=== What you need to do ===
Below are the records; give again exactly the lines that run from the one with "Ambre Neige(アンブルネージュ)の「fake mouton" through the last line.

========

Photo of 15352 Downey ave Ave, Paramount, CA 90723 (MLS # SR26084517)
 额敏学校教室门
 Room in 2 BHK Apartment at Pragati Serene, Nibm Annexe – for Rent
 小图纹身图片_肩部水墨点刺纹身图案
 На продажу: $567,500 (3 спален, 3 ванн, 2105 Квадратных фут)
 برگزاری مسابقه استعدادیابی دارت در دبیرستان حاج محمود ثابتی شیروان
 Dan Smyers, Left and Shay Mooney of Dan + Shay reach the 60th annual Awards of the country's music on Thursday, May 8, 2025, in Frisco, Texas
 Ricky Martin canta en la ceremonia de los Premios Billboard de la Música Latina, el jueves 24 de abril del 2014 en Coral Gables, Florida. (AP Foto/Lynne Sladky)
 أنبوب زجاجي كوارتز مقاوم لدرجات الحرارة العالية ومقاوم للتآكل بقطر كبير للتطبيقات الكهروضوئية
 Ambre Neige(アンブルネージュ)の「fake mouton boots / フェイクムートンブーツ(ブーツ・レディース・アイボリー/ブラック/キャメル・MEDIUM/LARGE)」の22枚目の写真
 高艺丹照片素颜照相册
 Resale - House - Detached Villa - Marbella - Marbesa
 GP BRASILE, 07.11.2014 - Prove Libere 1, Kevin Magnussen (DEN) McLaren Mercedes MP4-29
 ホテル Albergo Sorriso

========

=== Finished exercise ===
 Ambre Neige(アンブルネージュ)の「fake mouton boots / フェイクムートンブーツ(ブーツ・レディース・アイボリー/ブラック/キャメル・MEDIUM/LARGE)」の22枚目の写真
 高艺丹照片素颜照相册
 Resale - House - Detached Villa - Marbella - Marbesa
 GP BRASILE, 07.11.2014 - Prove Libere 1, Kevin Magnussen (DEN) McLaren Mercedes MP4-29
 ホテル Albergo Sorriso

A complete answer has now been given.